Desea ser la primera en ocupar el único baño de mujeres que hay en esa especie de tienda de campaña rodeada de maleza. 

“Hoy tenía 140 / 100 de presión; le van a poner un marcapasos”, dice Juana sobre su esposo. 

Familiares de los pacientes que se encuentran en la Unidad de Cuidados Intensivos del hospital Teodoro Maldonado Carbo pernoctan en una sala improvisada en espera de noticias sobre sus parientes. Fotografía: Isabel Hungría.

En este espacio, cuya extensión no supera los treinta y seis metros cuadrados, pernoctan unas treinta personas, todas ellas familiares de los pacientes que en la sala de UCI luchan diariamente con la parca. 

El esposo de Juana, sin embargo, parece haber logrado —de momento— lo que no muchos enfermos logran allí: estabilizarse. Lo saben ella, su vecina y todos los que conviven en esa estancia provisional porque a diario uno o dos inquilinos, luego de ser llamados por los médicos, pegan un grito, recogen sus bártulos y se marchan con la lágrima viva.  

—¡Ay, diosito! —dice Juana al recordar esos episodios. 

Al cabo de un rato, la vecina diligente regresa con sus aperos de aseo y pone a secar la toalla que ha usado en el respaldo de su silla, entonces, saca de una funda un paquete de galletas.  

Mientras engulle bocado, narra que a su papá le practicaron una traqueotomía porque le dio un derrame cerebral. “Pero ya está despertando y se encuentra mejorcito”, dice con una brizna de ilusión. 

Ella lleva cuarenta y cinco días allí aguantando los estragos del sol, la lluvia y los mosquitos, quizá por eso ahora ocupa uno de los espacios más codiciados por la ristra de personas devenidas en gitanas que la rodean: está cerca del baño y frente al televisor pantalla plana instalado por la administración del hospital. 

Juana se alista para darse una ducha. Se pone de pie, toma sus cosas y se coloca en la fila que en ese momento ha crecido como los decibelios de las voces presentes. 

La bulla viene de todos lados: de un señor que ha preparado café; de un anchor que está leyendo el teleprónter en la televisión; de un comentarista de fútbol que se ha parapetado en una tablet; de Bad Bunny que bosteza reguetón en un celular… 

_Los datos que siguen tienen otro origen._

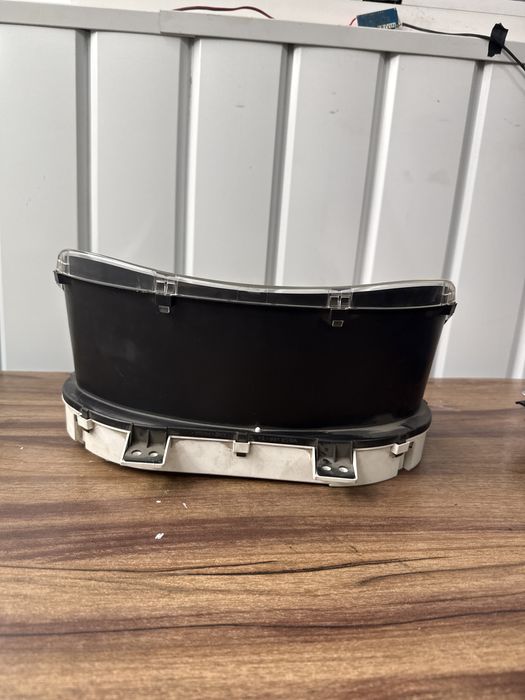 Щиток приборов на субару форестер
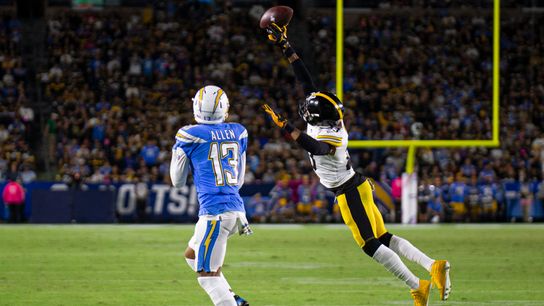 Carter's Classroom: Steelers take away Rivers' top options ☕ taken at Highmark Stadium (Steelers)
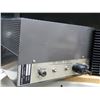 Image 2 : Ham Radio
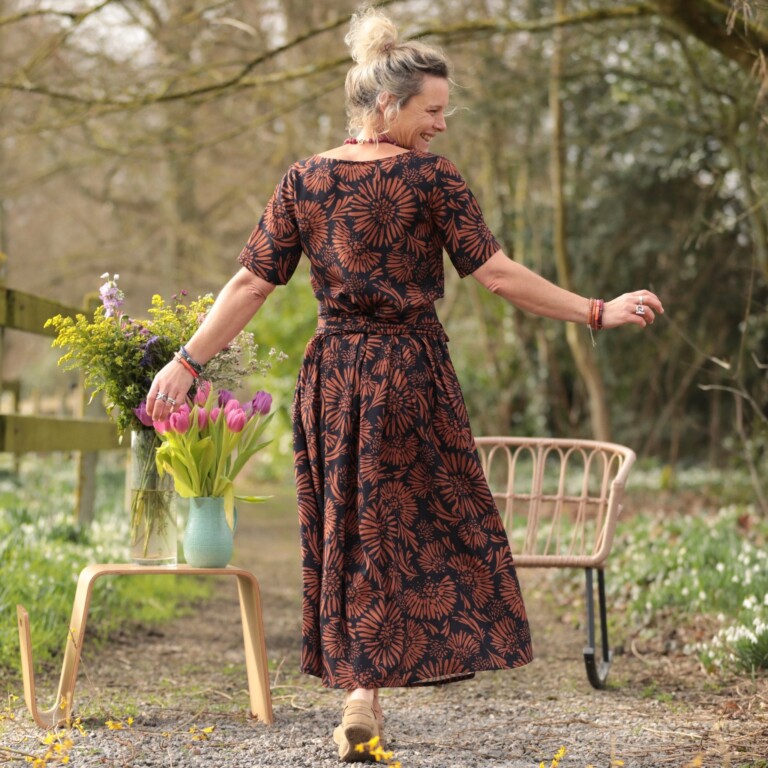 Meta SS25 - Robe Louisa - Viscose fleurie camel – M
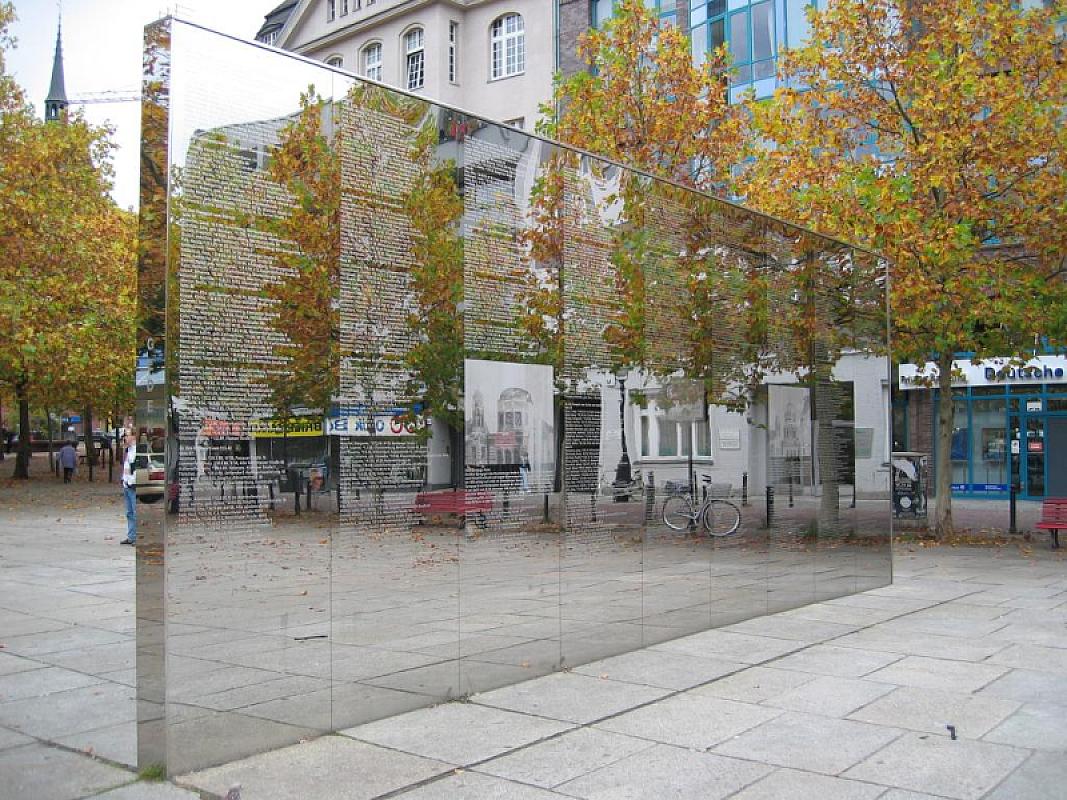 Berlin, 2005, Steglitzer Spiegelwand, Stiftung Denkmal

La camaradería se palpa con cada taza colocada bajo el dispensador de un termo rojo que contiene café, cuya perilla es subida y bajada agenciosamente por su propietario. 

La vecina coge café y acerca al grifo la taza de Juana. 

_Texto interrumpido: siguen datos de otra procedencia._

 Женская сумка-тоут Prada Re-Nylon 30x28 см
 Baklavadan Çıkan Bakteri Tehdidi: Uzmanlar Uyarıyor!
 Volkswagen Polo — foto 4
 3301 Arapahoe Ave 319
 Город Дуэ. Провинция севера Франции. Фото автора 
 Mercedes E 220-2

Esta escena de solidaridad, sin embargo, se diluye con otra menos idílica: un señor abraza la cartera de su esposa como si se la fueran a arrebatar. 

—¿Han robado alguna vez, vecina?

—No que yo sepa. 

Entonces, vuelve la fe en el ser humano. 

 —Romero Banchón y Álvarez Bustos —grita el guardia a las siete de la mañana. 

Los familiares de ambos se acercan aterrados. 

—Traigan una rasuradora y una Vaselina —solicita el guardia a cada uno.

El resto escucha, respira y continúa conjugando el verbo esperar, mientras la lumbre a la que le reza la vecina desde hace cuarenta y cinco días resiste los embates de la cruel intemperie.